Pop, Rap, and Latin are currently the most popular genre types on Spotify in descending order.
The genres which appear to be experiencing the most significant increase of attention from the year 2000 to 2020 were rap, R&B, and to a lesser extent with Latin music. EDM (Electronic Dance Music) reached its pinnacle in 2005 and appears to be making a gradual resurgence to former heights.
Every major genre was more likely to have its songs produced in the major key. Rock has the largest proportion with nearly 70% of songs being major.
Top Artists by Decade (Most Hit Songs):
- 1950’s - Elvis Presley
- 1960’s - The Beatles
- 1970’s - Fleetwood Mac and Queen
- 1980’s - AC/DC, Luis Miguel, and Michael Jackson
- 1990’s - Red Hot Chili Peppers
- 2000’s - Coldplay
- 2010’s - Billie Eilish
- 2020’s - Eminem (So far as of March 2020)
The distribution of popularity scores is unbalanced due to the fact the most songs never seemed to make it off the ground. The bottom 1% and top 25% capture 8% of the popularity scores from the data.
There were two notable independent variables that have an issue with co-linearity. There was a strong positive correlation between loudness and energy (Pearson Correlation - 0.68) and a strong negative correlation between energy and acousticness (Pearson Correlation - -0.55). Loudness & acousticness and danceability & valence also shared a fairly strong correlation.

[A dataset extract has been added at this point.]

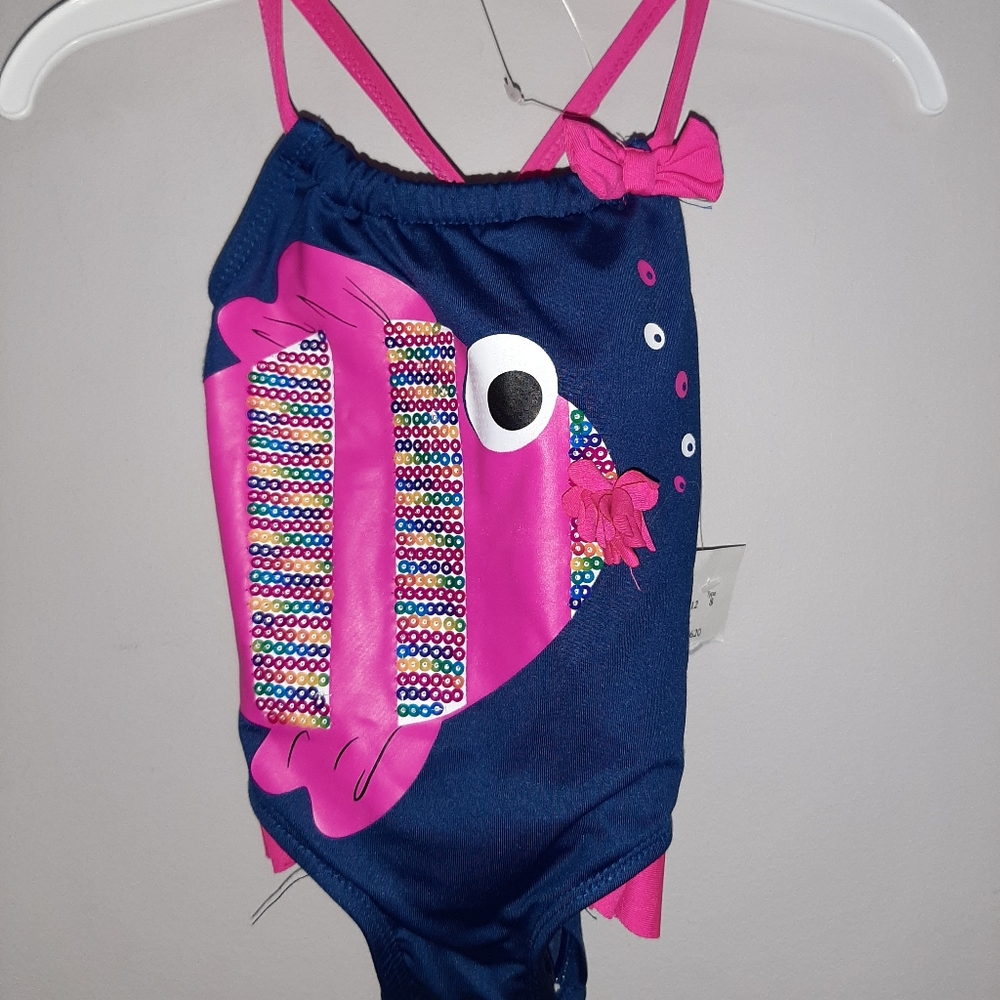 🆕️ Toddler Girls Fish Swimsuit Bathing Suit 12 m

Energy, instrumentalness, speechiness, and danceability were the strongest predictors of track popularity according to our regression models while duration, tempo, and key, held close to no predictive power.

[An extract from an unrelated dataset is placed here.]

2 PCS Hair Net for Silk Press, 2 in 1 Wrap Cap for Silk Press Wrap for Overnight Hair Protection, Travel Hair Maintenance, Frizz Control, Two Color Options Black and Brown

Songs that are energetic and loud and songs that are quiet and gentle can both be popular. The quantitative attributes seem to be the greatest indicators of popularity. The most important being instrumentalness to its detriment based on our clustering evaluation.

Reflection and Future Work:

This project was exciting, because I got to explore and apply many new packages and techniques in R through statistical analysis and data visualization. I was happy with the way our track popularity predictions turned out. The first few models did not perform well compared to the boosted trees and SVM. I found it very interesting that under-sampling improved the efficacy of some models with profit estimations, but worsened it in others. This is largely due to the mechanics of particular algorithms.
The scope of what could be explored with this project is not nearly exhausted. There is still more to be explored in regards variable/model selection, different under-sampling techniques, new algorithms, and optimization and hyper-parameter tuning. One immediate idea for variable selection is to use PCA to find the principle components for building the model to fix any co-linearity issues. I also would like to see what would happen if I simply normalized the track_popularity curve by dropping many of the low popularity songs. Finally, the algorithms I used predicted popularity as continuous values, but I would also like to see what our profits and accuracy would be using classification algorithms to predict popularity groups like multinomial regression, naive bayes, SVM, etc, ensemble methods, etc. At the very least, what we have now could serve as a useful tool for music industry professionals by utilizing machine learning in the prediction of hit songs. Also, the insights presented may offer something of value to those trying to produce popular songs by infusing qualities of popular songs into their music.